Information supplied »

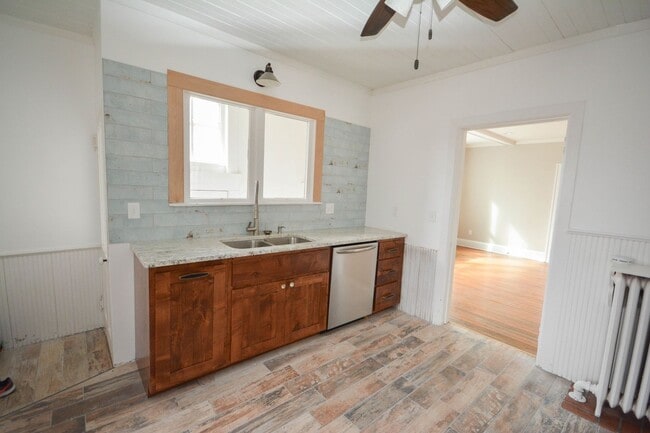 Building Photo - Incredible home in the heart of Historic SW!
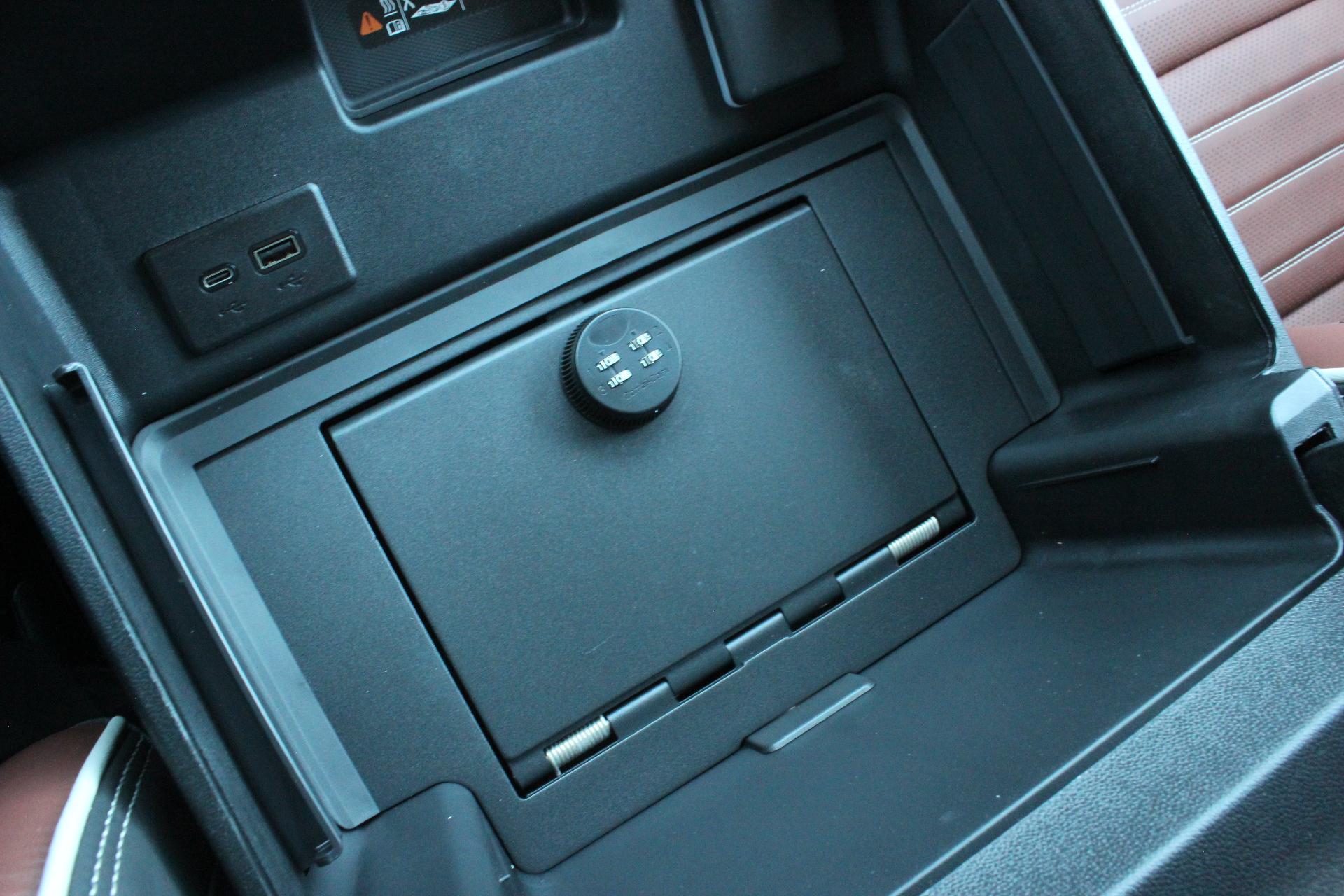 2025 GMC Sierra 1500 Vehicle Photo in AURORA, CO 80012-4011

---

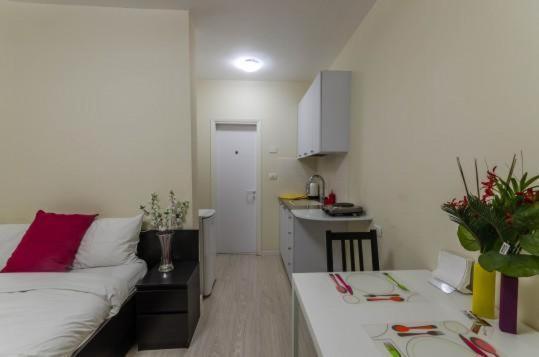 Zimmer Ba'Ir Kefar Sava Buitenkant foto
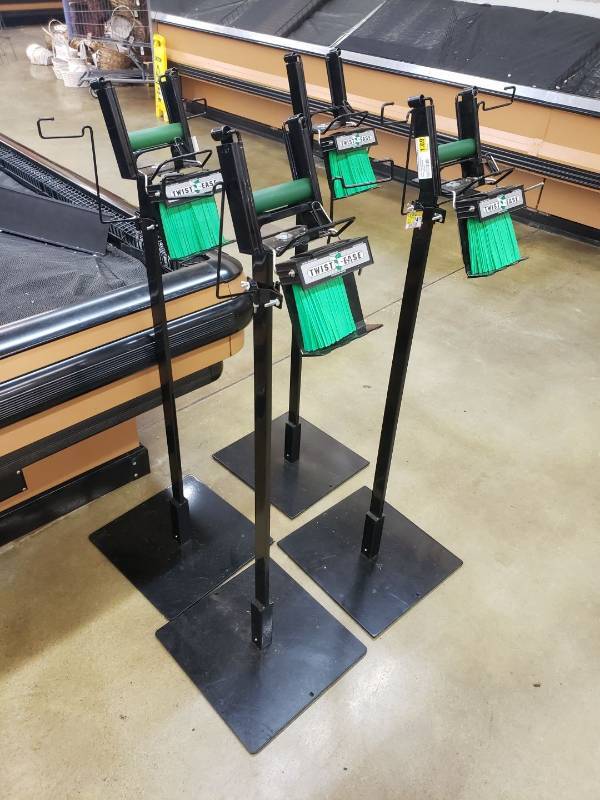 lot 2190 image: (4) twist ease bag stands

* * *

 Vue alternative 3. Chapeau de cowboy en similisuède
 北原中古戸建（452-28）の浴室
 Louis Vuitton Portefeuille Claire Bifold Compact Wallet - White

Your task »
Using the material above, reproduce only the lines that run from the line with "Zimmer Ba'Ir Kefar Sava Buitenkant foto" up to and including the line with "lot 2190 image: (4) twist ease bag stands", exactly, with the pictures dropped.

Exercise response »
 Zimmer Ba'Ir Kefar Sava Buitenkant foto
 lot 2190 image: (4) twist ease bag stands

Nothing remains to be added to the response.